Building a new corporate culture: Hewlett-Packard

Area Development Site and Facility Planning, May 2000

Profit is derived from the coincidence of e-services, appliances, and infrastructure, with the correct company culture essential to growth and performance.

I believe we are at a critical juncture in the Net. The Net has spawned thousands of IPOs; it has created huge market cap; it has made many companies very successful. It has caused many other companies to question their whole value proposition.

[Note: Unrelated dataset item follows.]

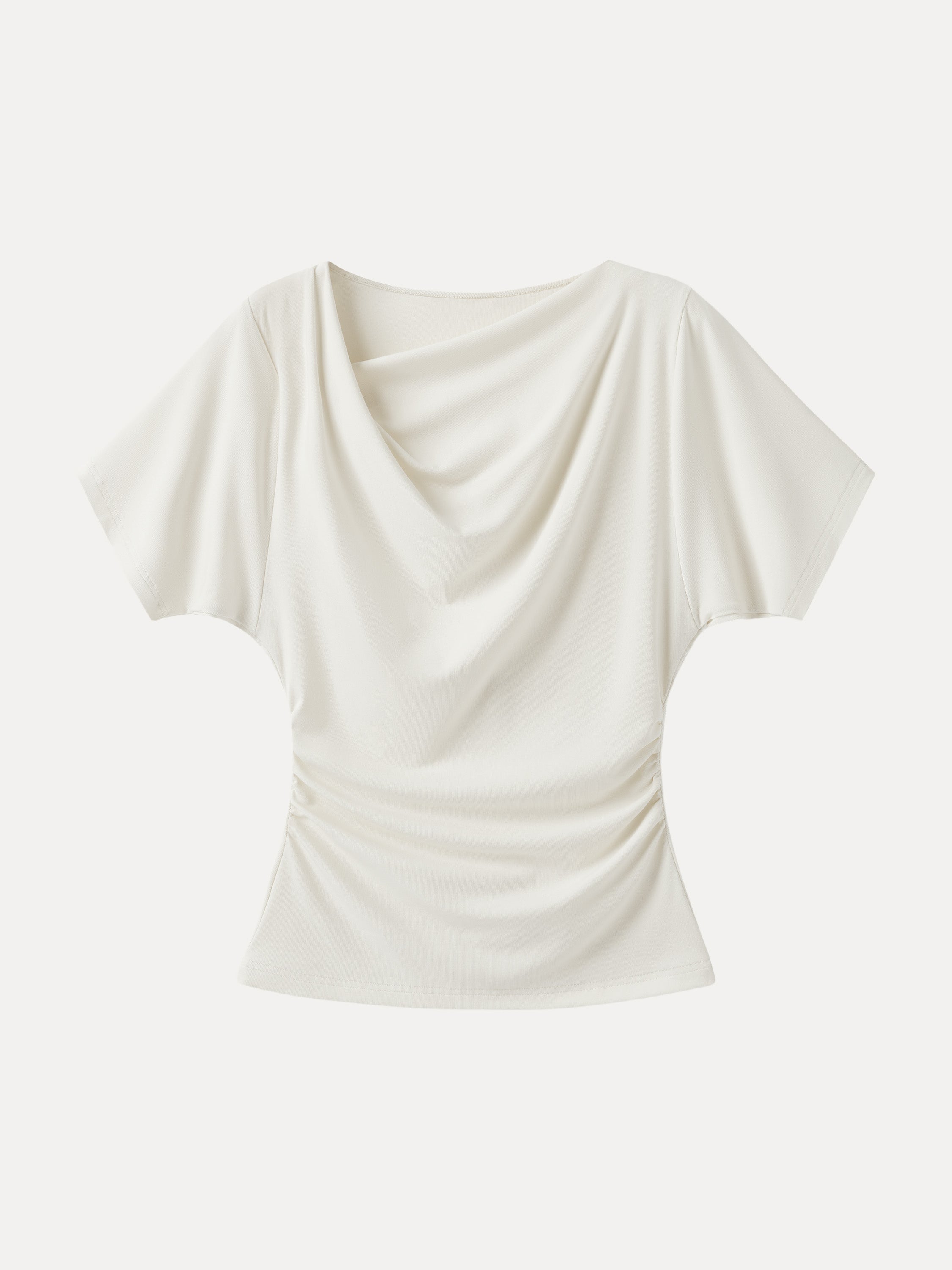 Asymmetrical Cowl Neck Ruched Top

Despite all of that, the Net hasn't lived up to its hype. I believe the challenge for our industry now at the dawn of the new millennium is this: Either the Net remains elite, remains the purview of the technology geeks or it becomes pervasive, intimate, friendly, useful. The challenge is about the culture in our companies as we wrestle with what's next on the Net.

A New Culture

I believe that for companies to succeed in this new era, to really fulfill the promise of the Net, they must build a new culture. And I believe that new culture has to be based on three very fundamental things:

1 First, it must be a company of radical ideas, one that knows how to incubate ideas and encourages creative solutions to all kinds of problems.

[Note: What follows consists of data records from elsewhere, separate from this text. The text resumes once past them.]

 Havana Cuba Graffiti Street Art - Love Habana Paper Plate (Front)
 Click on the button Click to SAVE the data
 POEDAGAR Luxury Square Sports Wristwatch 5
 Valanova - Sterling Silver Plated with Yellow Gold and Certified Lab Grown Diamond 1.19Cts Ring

2 Second, I think this culture requires inventiveness, and inventiveness is really about the spirit and the capabilities to take those radical ideas and execute them flawlessly and quickly.

3 Finally, this very important cultural shift requires synthesis, balance.

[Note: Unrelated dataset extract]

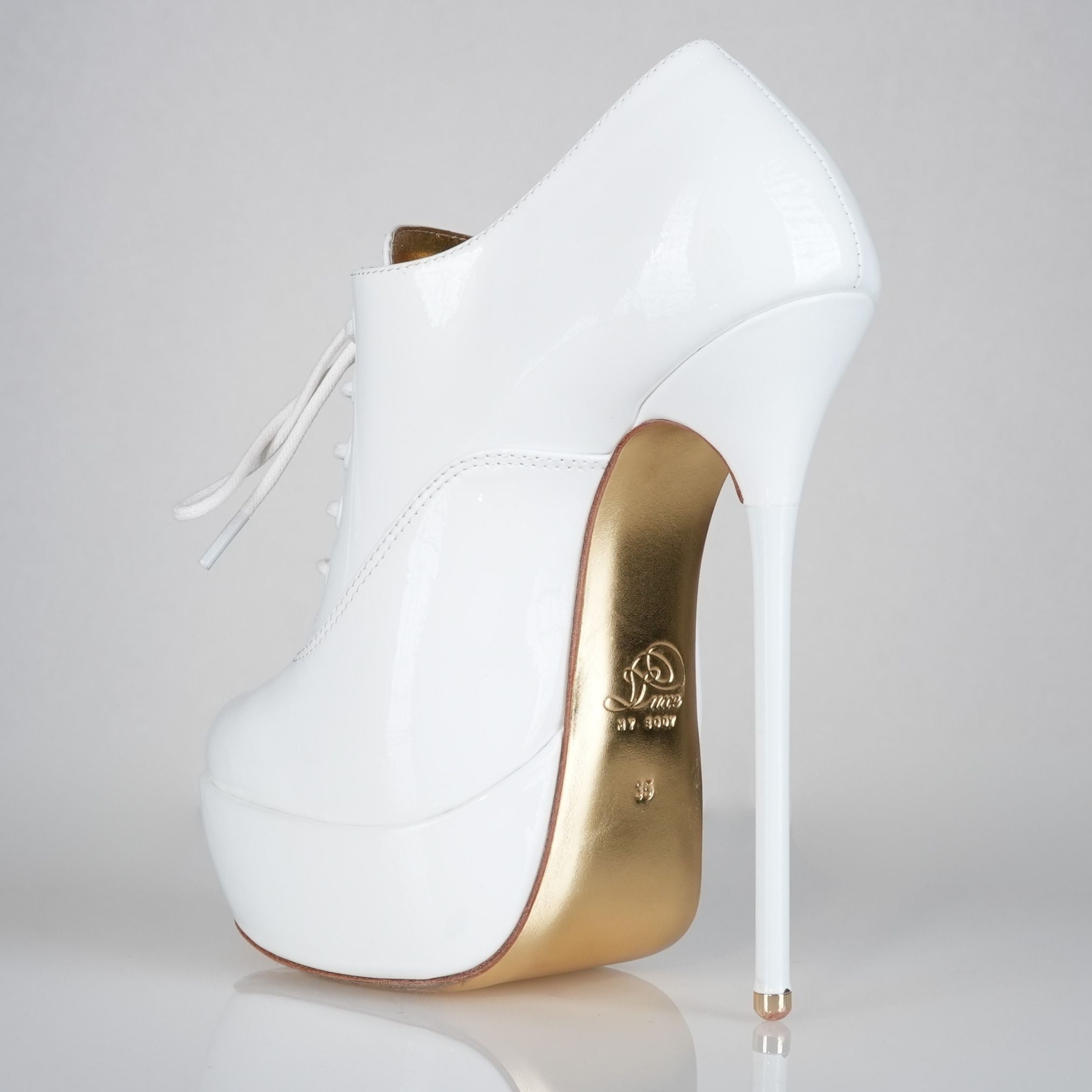 Empress white patent high heel oxfords, 160mm superarch, 6 inch stilettos, Luxe My Body, closeup view.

Three years ago when the Net really started, we lived in an either/or world. You were either a dot.com or a brick-and-mortar company. The truth is, I think both the dot.coms and the brick-and-mortar companies are learning from each other. And it is the companies that balance those two things that will be successful.

Think about what dot.coms are doing today: talking about those things that used to be Old Guard talk, missioncritical systems. And the brick-and-mortar companies have moved beyond the recognition of websites and started to talk about the recognition that the Net is really about any kind of information, anywhere, useful to anyone.

Service-Driven

Of course, there's more to this story. No matter what kind of company you are, profit is going to be driven by services. And I believe that this is the end of the pure product era. Products become much more useful when they're surrounded by service.

Automotive dealers are beginning to understand that the car is a platform for delivering services. Whether those services are in-car navigation, emergency roadside, or telecom, the car has become a product for delivering services. It is through the combination of the product and the service that revenue and profit are being made.

All over the world, corporations are starting to think about turning processes into digital services. These companies are realizing that services drive the customer experience, as well as the fact that the money and the profit are there. The challenge is to think about how to make money from e-services: which to create, where to deliver them, what ecosystems of services to join.

Three Vectors

We need to broaden our frame of reference, because I think this new opportunity is about the intersection of three important vectors. The first is the one we've just been talking about: eservices. Our Internet strategy now revolves around creating and delivering services over the Net. And this is about much more than websites; it is about delivering Internet services to devices. What we're all about now at HewlettPackard [HP] is helping new business models be created, as well as inventing the technologies that support those business models.

In particular, HP E-Speak is a remarkable software technology that is at the heart of our belief that anything can be turned into a service for revenue and profit. E-Speak makes it possible to create, request, and locate any service on the Net from any device. It is a universal translator, if you will.

The second vector is appliances. I think appliances will proliferate. Yes, we'll continue to have the PCs and yes, we'll have PDAs [personal digital assistants], cell phones, and pagers. But now everything that has a microchip in it can become a device; connected to the Web, it will be an information appliance. And these devices will be very large, e.g., a megavideotron in a football stadium, or as small as a few molecules thick, if HP researchers have their way.

The third vector is infrastructure. Think about the requirements for an infrastructure that has to support billions of devices, trillions of transactions. It has to be always on, always available, always reliable, always secure. Fifteen years ago, HP Labs called this "pervasive computing," then the computing utility. And we have been building infrastructure based on open systems and standards with this vision in mind: as available as oxygen, as reliable as the sun and the moon, as invisible as radio waves, because that's what's required to support billions of devices and trillions of transactions.

Vector Intersection

Now, we talk about those three vectors - services, appliances, infrastructure - but the problem is that most of us in this industry only think about one vector at once. That's why consumers and businesses haven't gotten all that they want out of the Net. Profiting requires us to pull back and focus on the intersection of all three vectors, and to create solutions for customers across all those vectors.